The Routledge International Handbook of Religious Education
A Test of Faith? Religious Diversity and Accommodation in the European Workplace
Religion in Public Spaces. A European perspective.
Studia Canonica

News   Tweets from the world

Addressing Assembly, UN expert urges States to do more to protect the right of religious conversion


“The right of conversion and the right not to be forced to convert or reconvert belong to the internal dimension of a person’s religious or belief-related conviction, which is unconditionally protected under international human rights law,” the Special Rapporteur on freedom of religion or belief, Heiner Bielefeldt, said in a news release, issued as he presented in the month of October 2012  a report on his work to the UN General Assembly.

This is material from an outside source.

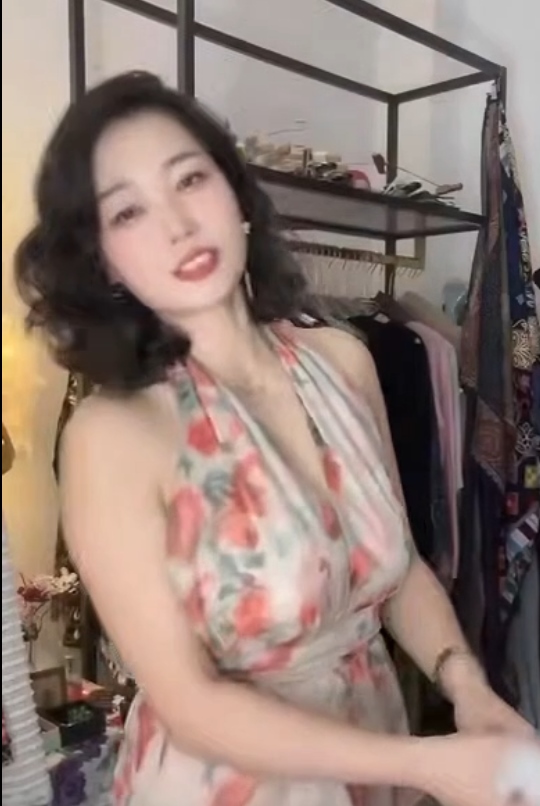 熟女蓝姐姐抖音合集15V603MB火辣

In his report, Mr. Bielefeldt analyses the patterns of abuses that are perpetrated in the name of religious or ideological truth claims in the interest of promoting national identity or protecting societal homogeneity, or under other pretexts such as maintaining political and national security.

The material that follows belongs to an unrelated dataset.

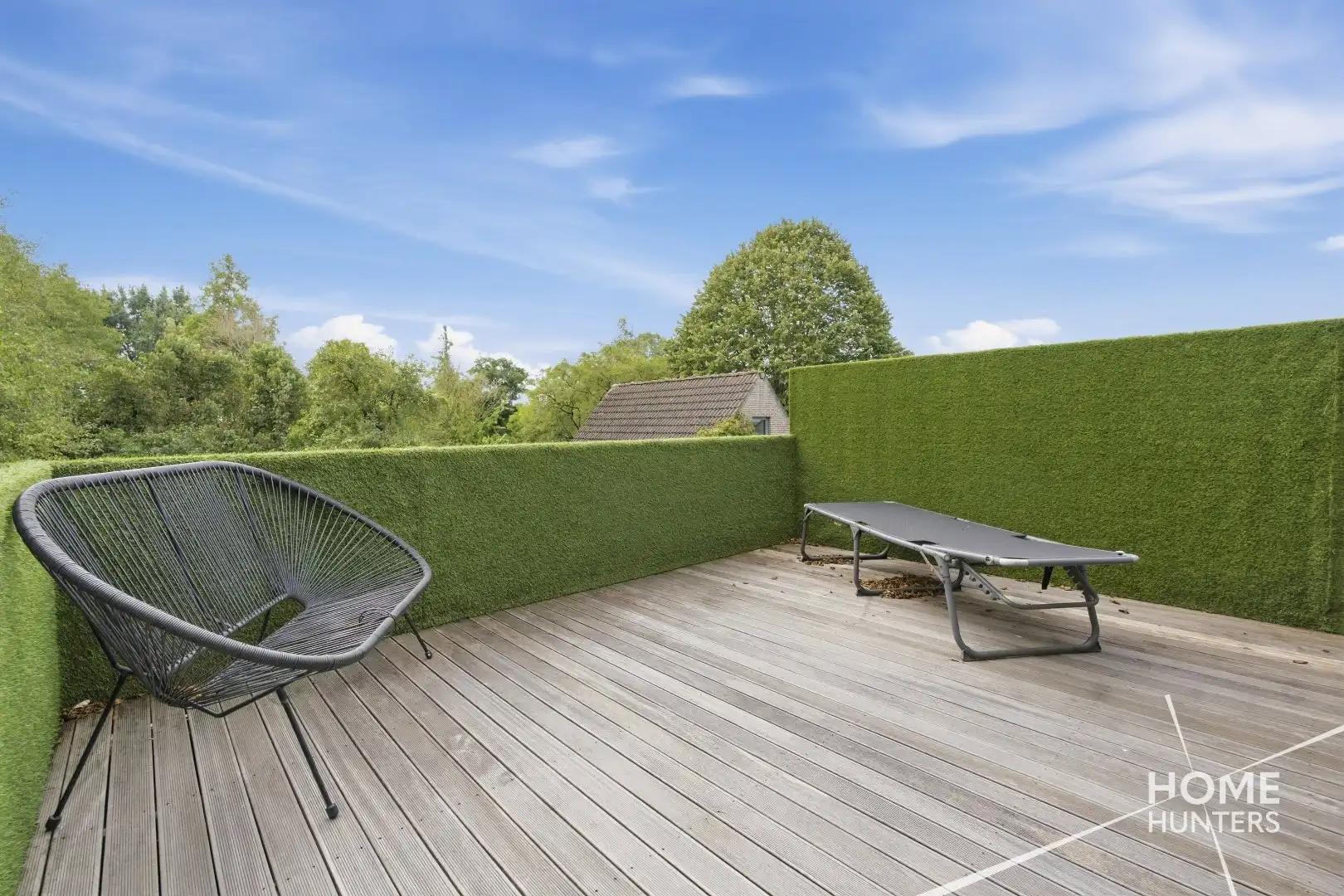 Landelijk gelegen instapklare woning met 4 slaapkamers, garage en tuin foto 18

“While some undue restrictions on the rights of converts or those trying non-coercively to convert others are undertaken by State agencies, other abuses, including acts of violence, stem from widespread societal prejudices,” the Special Rapporteur said.

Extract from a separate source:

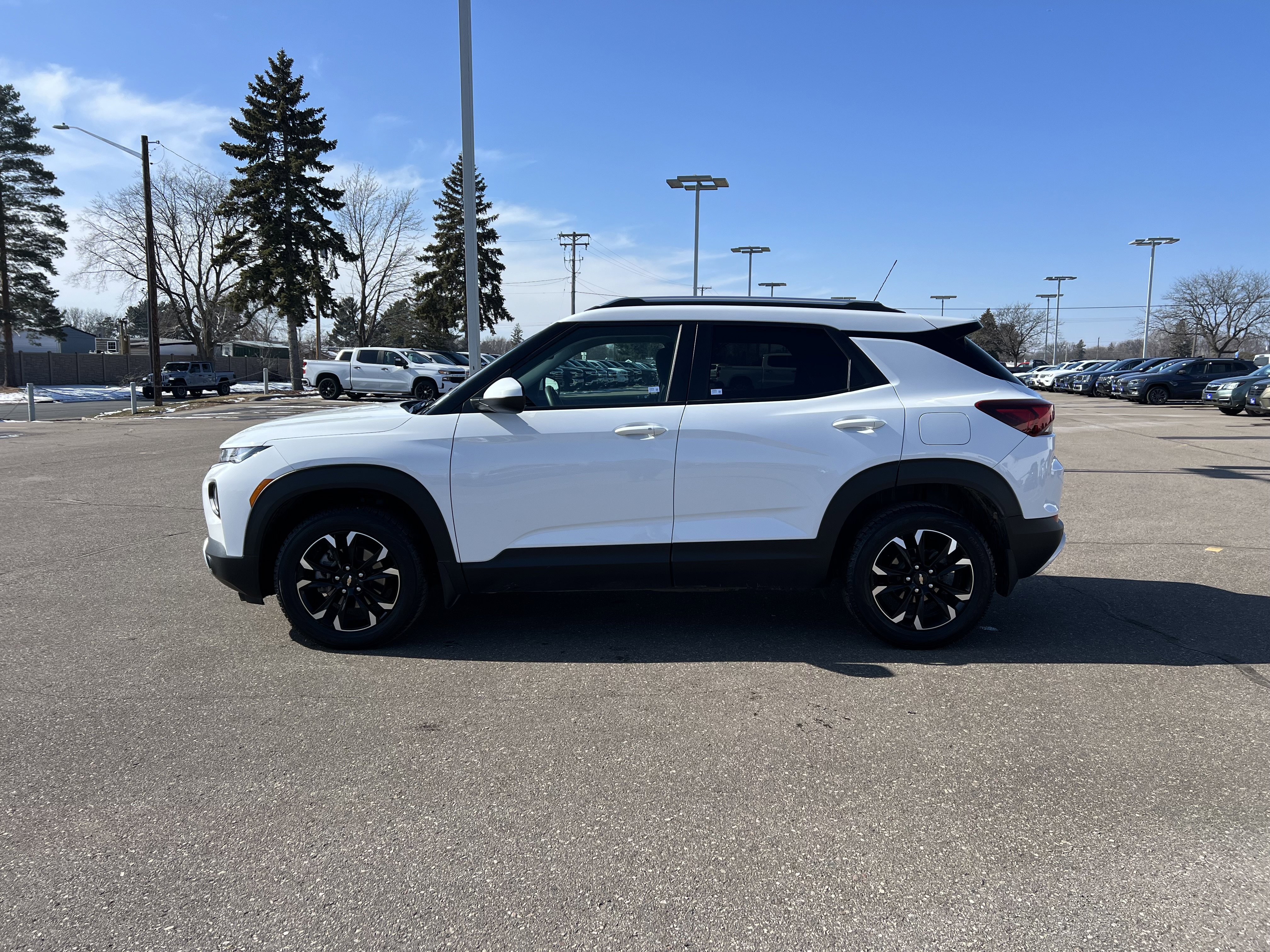 Used 2022 Chevrolet TrailBlazer LT w/ Convenience Package image 5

“Violations in this sensitive area also include forced conversions or reconversions, again perpetrated either by the State or by non-State actors,” he added. “In addition, the rights of converts or those trying non-coercively to convert others are sometimes questioned in principle.”

“In some States, converts may also face criminal prosecution, at times even including the death penalty, for such offences as ‘apostasy,’ ‘heresy,’ ‘blasphemy’ or ‘insult’ in respect of a religion or the country’s dominant tradition and values,” he said.


On the topic of the right to try to convert others through non-coercive persuasion, Mr. Bielefeldt observed that many States impose tight legislative or administrative restrictions on communicative outreach activities, and that many such restrictions are conceptualised and implemented in a flagrantly discriminatory manner.

“For instance, in the interest of further strengthening the position of the official religion or dominant religion of the country while further marginalizing the situation of minorities,” he said.

He added, “Members of religious communities that have a reputation of being generally engaged in missionary activities may also face societal prejudices that can escalate into paranoia, sometimes even leading to acts of mob violence and killings.”

On the issue of the rights of the child and his or her parents, the Special Rapporteur said he had received reports of repressive measures targeting children of converts or members of religious minorities, including with the purpose of exercising pressure on them and their parents to reconvert to their previous religion or to coerce members of minorities to convert to more socially ‘accepted’ religions or beliefs.

“Such repressive activities may violate the child’s freedom of religion or belief and/or the parents’ right to ensure an education for their children in conformity with their own convictions and in a manner consistent with the evolving capacities of the child,” he said.

Independent experts, or special rapporteurs, are appointed by the Geneva-based Human Rights Council to examine and report back on a country situation or a specific human rights theme. The positions are honorary and the experts are not United Nations staff, nor are they paid for their work.